Le froid égoïsme des deux jeunes gens serre le coeur; ils acceptent ce dévouement sans autre émotion que celle de l'enivrement que leur donne le bonheur. De ce héros de la vie privée qui s'immole pour eux, ils n'ont nul souci. Pour eux, le monde entier est circonscrit dans leur rêve d'amour. Cet égoïsme naïf, qui n'a même pas conscience de lui-même, ne fait que mieux réssortir la sombre grandeur du rôle de Gilliat. Il a tout prévu; grâce à lui, le mariage s'accomplit sans difficulté; le pauvre marin conduit les nouveaux époux au bord de la mer et fait à la jeune fille de touchants adieux.

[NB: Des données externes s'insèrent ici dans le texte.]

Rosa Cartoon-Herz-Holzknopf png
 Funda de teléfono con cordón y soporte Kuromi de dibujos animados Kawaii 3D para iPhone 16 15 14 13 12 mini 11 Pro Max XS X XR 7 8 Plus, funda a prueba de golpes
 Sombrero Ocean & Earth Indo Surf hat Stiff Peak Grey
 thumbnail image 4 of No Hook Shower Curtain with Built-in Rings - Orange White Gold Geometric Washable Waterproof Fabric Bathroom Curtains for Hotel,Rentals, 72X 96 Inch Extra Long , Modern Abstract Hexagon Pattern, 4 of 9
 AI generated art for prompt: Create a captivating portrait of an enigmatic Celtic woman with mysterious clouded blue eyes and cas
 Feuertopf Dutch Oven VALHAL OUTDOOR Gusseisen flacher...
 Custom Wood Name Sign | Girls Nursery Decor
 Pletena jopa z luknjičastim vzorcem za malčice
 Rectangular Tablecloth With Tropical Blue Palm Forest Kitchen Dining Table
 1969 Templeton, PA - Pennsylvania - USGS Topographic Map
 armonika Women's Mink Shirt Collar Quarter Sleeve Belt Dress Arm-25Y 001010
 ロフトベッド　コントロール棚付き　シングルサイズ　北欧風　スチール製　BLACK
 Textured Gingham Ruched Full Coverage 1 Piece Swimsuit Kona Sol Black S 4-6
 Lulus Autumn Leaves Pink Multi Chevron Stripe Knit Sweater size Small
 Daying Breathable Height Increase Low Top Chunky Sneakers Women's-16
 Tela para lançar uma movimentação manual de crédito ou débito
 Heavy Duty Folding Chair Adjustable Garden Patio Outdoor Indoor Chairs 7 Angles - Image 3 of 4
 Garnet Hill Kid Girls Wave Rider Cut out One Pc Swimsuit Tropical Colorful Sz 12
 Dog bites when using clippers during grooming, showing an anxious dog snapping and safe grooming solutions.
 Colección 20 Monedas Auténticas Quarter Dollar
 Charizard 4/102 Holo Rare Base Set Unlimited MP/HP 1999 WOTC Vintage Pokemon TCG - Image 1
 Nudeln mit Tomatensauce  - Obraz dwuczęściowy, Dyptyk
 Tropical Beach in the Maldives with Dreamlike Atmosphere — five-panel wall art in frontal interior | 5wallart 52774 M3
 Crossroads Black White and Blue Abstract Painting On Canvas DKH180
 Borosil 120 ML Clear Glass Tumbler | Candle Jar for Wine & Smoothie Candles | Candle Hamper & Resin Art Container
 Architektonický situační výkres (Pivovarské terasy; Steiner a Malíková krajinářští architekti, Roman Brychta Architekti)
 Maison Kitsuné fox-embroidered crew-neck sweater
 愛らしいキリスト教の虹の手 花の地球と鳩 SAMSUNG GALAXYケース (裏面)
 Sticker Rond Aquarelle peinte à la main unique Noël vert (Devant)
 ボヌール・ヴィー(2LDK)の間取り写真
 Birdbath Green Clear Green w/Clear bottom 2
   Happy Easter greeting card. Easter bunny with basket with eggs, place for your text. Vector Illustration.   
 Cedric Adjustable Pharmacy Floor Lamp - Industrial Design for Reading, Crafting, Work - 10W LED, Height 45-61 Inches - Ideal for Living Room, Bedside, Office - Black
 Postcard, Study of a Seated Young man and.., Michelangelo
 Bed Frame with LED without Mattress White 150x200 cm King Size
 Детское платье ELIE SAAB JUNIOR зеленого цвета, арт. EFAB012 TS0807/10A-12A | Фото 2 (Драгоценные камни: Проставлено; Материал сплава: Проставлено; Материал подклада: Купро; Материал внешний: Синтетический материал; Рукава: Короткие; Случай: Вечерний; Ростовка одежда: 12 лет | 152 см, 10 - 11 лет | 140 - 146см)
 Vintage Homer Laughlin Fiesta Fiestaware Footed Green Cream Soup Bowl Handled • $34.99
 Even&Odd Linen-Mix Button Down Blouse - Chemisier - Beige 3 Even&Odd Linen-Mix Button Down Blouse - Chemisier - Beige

 "Madame, dit-il, vous ne vous attendiez pas à partir; j'ai pensé que vous auriez peut-être besoin de robes et de linge; vous trouverez sur le vaisseau un coffre qui contient des objets pour femme. Ce coffre me vient de ma mère - il était destiné à la femme que j'épouserais. Permettez-moi de vous l'offrir. "
 Déruchette se réveille à demi de son rêve. Elle se tourne vers Gilliat : " Pourquoi ne pas le garder pour votre femme quand vous vous marierez? - Madame, je ne me marierai probablement pas. - Ce sera dommage, car vous ôtes bon. " Déruchette sourit; Gilliat lui rendit ce sourire; puis il l'aida à entrer dans le canot. Tels sont les derniers adieux. Il y a là une simplicité touchante qui va au coeur; point d'expressions ambitieuses; l'effet est obtenu par les moyens les moins cherchés; il n'en est que plus sûr.

Le roman a débuté par une entrée en matière gracieuse comme une idylle; il finit par une scène majestueuse comme le dénouement d'un drame antique. Pendant que le navire emporte loin de Guernesey les nouveaux mariés, Gilliat fuit la foule, tout occupée du fabuleux sauvetage qu'il vient d'opérer aux rochers de Douvres; la nature est en fleur, les oiseaux gazouillent dans le feuillage, une douce brise agite la riante végétation du printemps; tout autour de lui est joie et bonheur. Lui, calme et sombre, il gagne le rocher de Gild-Holm-Ur, où le caprice de la nature a creusé une espèce de fauteuil que, deux fois par jour, couvre et découvre la mer. C'est là qu'il a arraché à la mort Ebénezer; c'est là qu'il a résolu de mourir. Il court s'asseoir sur ce rocher que la marée montante va couvrir, et il attend paisiblement la mort, pendant que le vaisseau qui emporte Déruchette s'éloigne à l'horizon. Il suit des yeux la masse flottante, qui change de forme, pâlit, s'amoindrit et disparaît enfin dans la brume. Et cependant le flot monte, monte toujours. "A l'instant où le navire s'effaça à l'horizon, la tête disparut sous l'eau; il n'y eut plus rien que la mer!" Tel est le dernier mot du livre. Tel est le double dénouement de l'idylle et du drame.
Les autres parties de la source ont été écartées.